As I sat there listening to the description of the Maori inspired tattoo, I was swept back in time to the life I once had in New Zealand. Where I used to sit amongst the women of my family, listening to them discussing our lack of Maori heritage or so My Grandmother would like to believe.
For that brief moment, I had retraced my years of womanhood back to being a newly fledged teenager sitting at my Grandmother’s kitchen table, surrounded by my Aunts, my Mother and Grandmother and hearing distinctly the authority in my Nan’s voice clearly stating – “No way do you have Maori blood in you – you are totally white”.
(Sorry for being rather blunt and obviously politically incorrect. But these are the words spoken by a woman brought up in the generation where ‘white and non white’ normally didn’t mix let alone marry.)
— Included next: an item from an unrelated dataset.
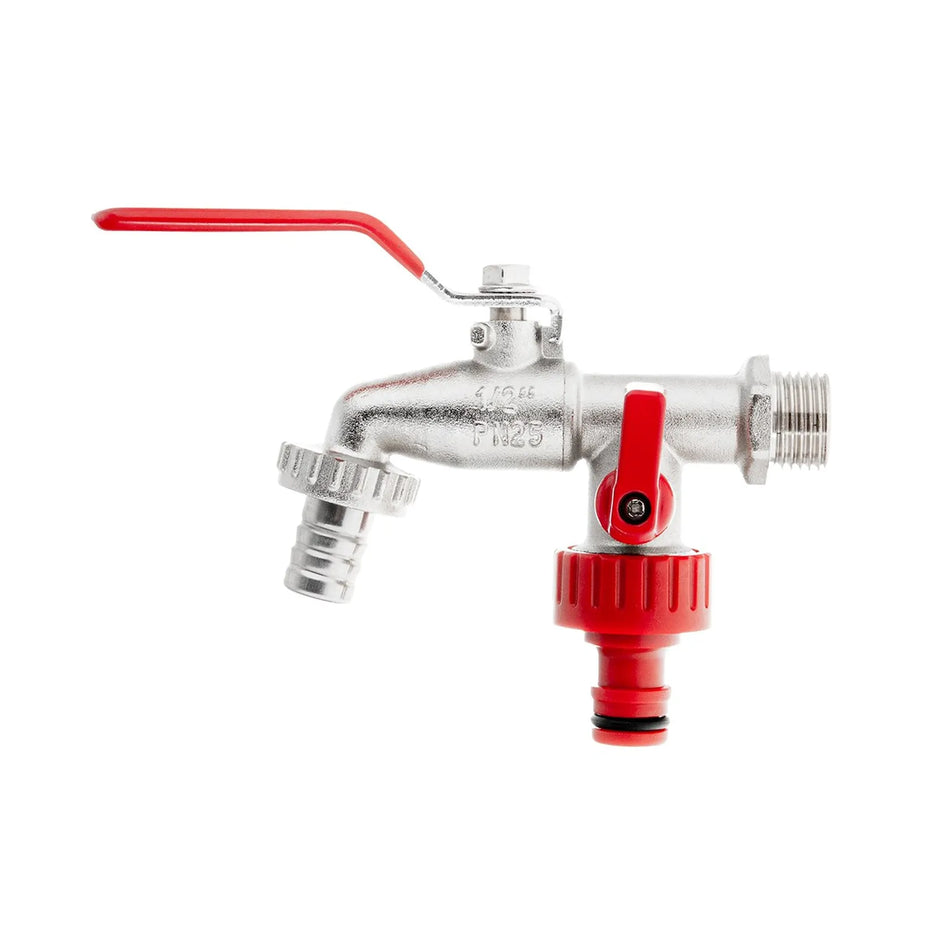 GEKO dubbele 1/2" kraan met twee 3/4" uitgangen en tuinslangkoppeling 275g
Even now whenever I happen to see my Nan on her visits across the ocean, she still has that blunt tendency to say whatever she wants and her grandchildren can be heard saying rather loudly ‘Nan, you can’t say that. That is so wrong!’
Anyway, ‘totally white‘ in my Grandmother’s mind meant we were totally, truly forever and ever, always be filled with the Jewish blood that flowed through HER veins. That she just happened to deposit into mine through the generational gap.
In my Grandmother’s mind, my Grandfather Kevin’s Maori blood line, could not have possibly survived and been eternally wiped out by the sheer fact my Grandmother was Jewish.
She also thought that my Grandfather, Kevin, was the nice good looking young man who lived over the back fence. Who faced life being continually beaten by his father and whipped by his Mother. Who just happened to have a ‘nice suntan‘.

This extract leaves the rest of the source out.